Automatic Construction and Automated Fault Repair of MySQL MGR Cluster Single-master Mode

Keywords: MySQL SQL

/*
the waiting game:
Although life is so difficult, don't give up; don't compromise; don't lose hope.
*/

 

With the upgrade of MySQL MGR version and the maturity of technology, MGR has become the preferred solution for high availability of MySQL after MHA has been pulled down from the altar.
The construction of MGR is not very complicated, but there are a series of manual operation steps.
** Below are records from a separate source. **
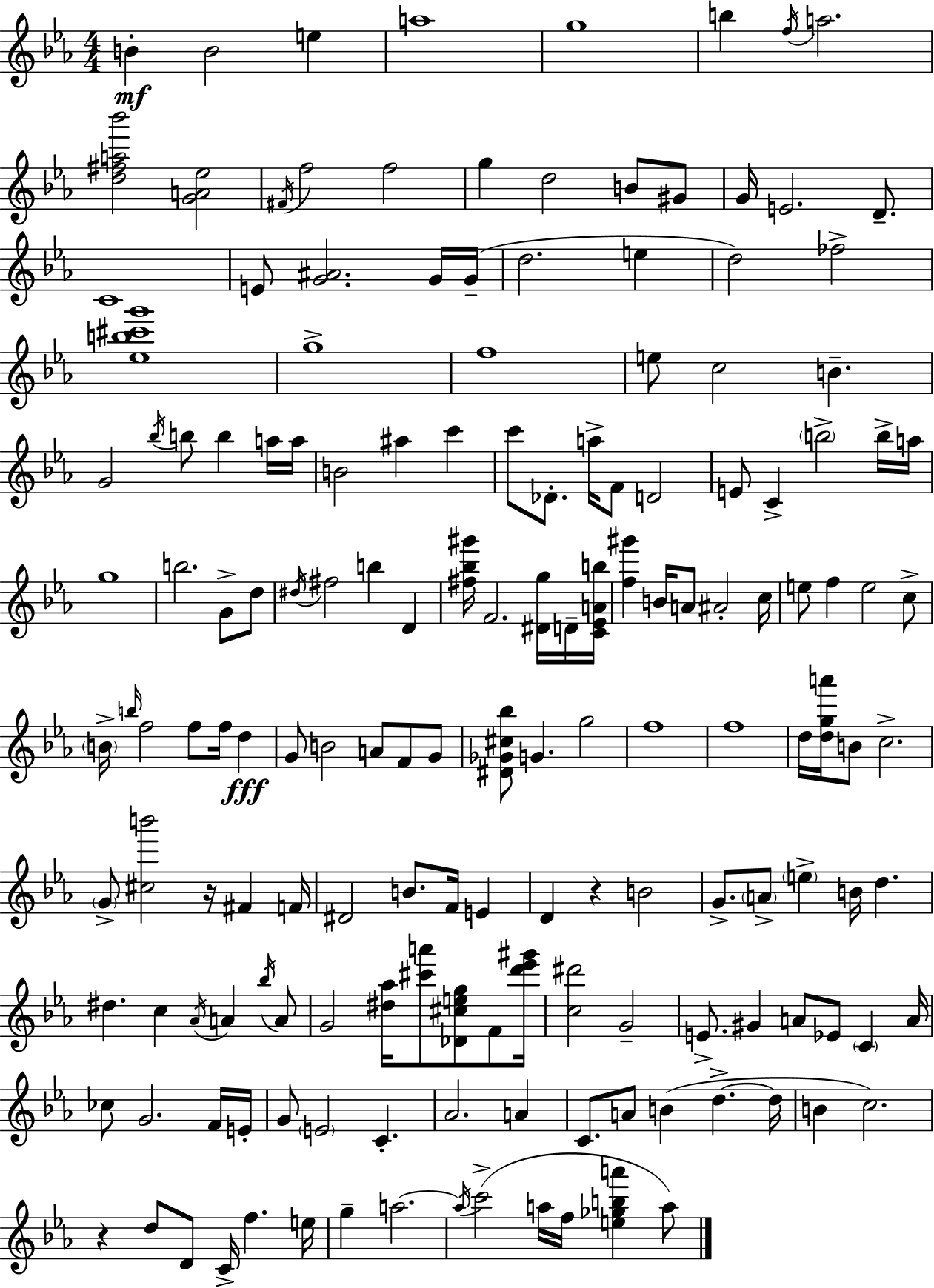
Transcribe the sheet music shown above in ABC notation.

X:1
T:Untitled
M:4/4
L:1/4
K:Cm
B B2 e a4 g4 b f/4 a2 [d^fa_b']2 [GA_e]2 ^F/4 f2 f2 g d2 B/2 ^G/2 G/4 E2 D/2 C4 E/2 [G^A]2 G/4 G/4 d2 e d2 _f2 [_eb^c'g']4 g4 f4 e/2 c2 B G2 _b/4 b/2 b a/4 a/4 B2 ^a c' c'/2 _D/2 a/4 F/2 D2 E/2 C b2 b/4 a/4 g4 b2 G/2 d/2 ^d/4 ^f2 b D [^f_b^g']/4 F2 [^Dg]/4 D/4 [C_EAb]/4 [f^g'] B/4 A/2 ^A2 c/4 e/2 f e2 c/2 B/4 b/4 f2 f/2 f/4 d G/2 B2 A/2 F/2 G/2 [^D_G^c_b]/2 G g2 f4 f4 d/4 [dga']/4 B/2 c2 G/2 [^cb']2 z/4 ^F F/4 ^D2 B/2 F/4 E D z B2 G/2 A/2 e B/4 d ^d c _A/4 A _b/4 A/2 G2 [^d_a]/4 [^c'a']/2 [_D^ceg]/2 F/2 [d'_e'^g']/4 [c^d']2 G2 E/2 ^G A/2 _E/2 C A/4 _c/2 G2 F/4 E/4 G/2 E2 C _A2 A C/2 A/2 B d d/4 B c2 z d/2 D/2 C/4 f e/4 g a2 a/4 c'2 a/4 f/4 [e_gba'] a/2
In order to simplify the construction and fault diagnosis of MGR, an automated script is completed here to realize the automated construction, automated fault diagnosis and repair of MGR.

 

Automation of MGR
For the sake of simplicity, the test is carried out in the mode of single machine and multiple instances.
Firstly, three MySQL instances are installed. The port number is 7001,7002,7003, of which 7001 is the write node, and the other two nodes are the read section. 8000 nodes are another test node of the author. Please ignore it.
When the master and slave nodes are specified, the following test demo is used to build the MGR cluster for the mgr_tool.py key

 

MGR Fault Simulation 1

The MGR node fault automatic monitoring and self-healing are realized. The following is the MGR cluster built after completion. At present, the cluster is in a completely normal state.

Subjectively causing binlog loss between master and slave nodes

For data operations lost from the primary node, GTID cannot find the corresponding data, and group replication goes off immediately.

Error at non-write node

Look at errorlog

If it's done manually, it's still GTID that skips the wrong routine, GTID information on master

Try to skip the latest thing ID and reconnect to the group. You can connect to the group normally, and the other node is still in error state.

stop group_replication;
SET GTID_NEXT='6c81c118-e67c-4416-9cb0-2d573d178c1d:13';
BEGIN; COMMIT;
set gtid_next='automatic'; 

The other node is similar and solved in turn.

MGR Fault Simulation 2

Departure from Group from Node

This is a relatively simple case. Just start group_replication again.

 

Automatic Detection and Repair of MGR Faults

For the two cases mentioned above,
1. If something loses its primary node from the slave node, try to skip GTID from the slave node and start replication again.
2. If the slave node does not lose the master node thing, try to restart group replication from the slave node.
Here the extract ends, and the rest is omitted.